*WHAT THE TASK REQUIRES*. Retype, word for word, the line holding "hand holding smart" and each line after it down to the end of the data; pictures are not copied.

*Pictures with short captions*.
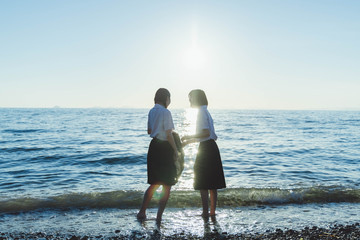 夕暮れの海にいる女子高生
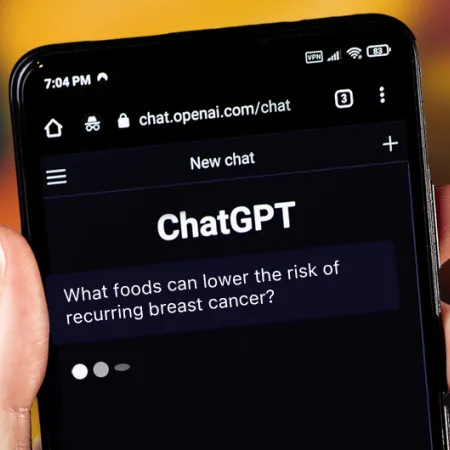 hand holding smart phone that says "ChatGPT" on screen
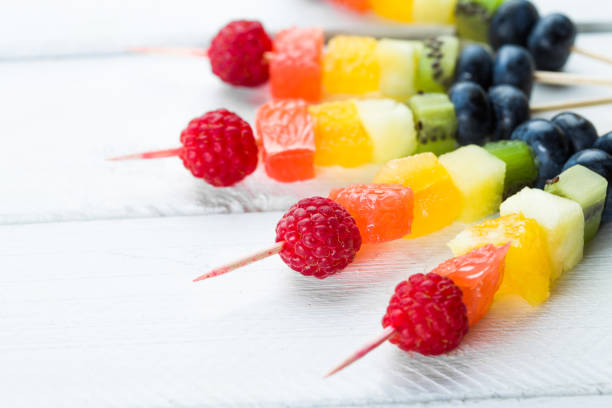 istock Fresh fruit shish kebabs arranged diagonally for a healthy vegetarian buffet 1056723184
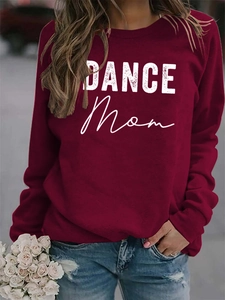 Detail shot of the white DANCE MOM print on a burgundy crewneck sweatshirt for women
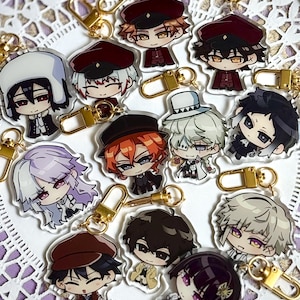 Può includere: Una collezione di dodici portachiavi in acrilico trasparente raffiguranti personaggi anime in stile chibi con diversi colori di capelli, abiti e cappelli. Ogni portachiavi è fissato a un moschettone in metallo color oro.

*YOUR RESPONSE*.
 hand holding smart phone that says "ChatGPT" on screen
 istock Fresh fruit shish kebabs arranged diagonally for a healthy vegetarian buffet 1056723184
 Detail shot of the white DANCE MOM print on a burgundy crewneck sweatshirt for women
 Può includere: Una collezione di dodici portachiavi in acrilico trasparente raffiguranti personaggi anime in stile chibi con diversi colori di capelli, abiti e cappelli. Ogni portachiavi è fissato a un moschettone in metallo color oro.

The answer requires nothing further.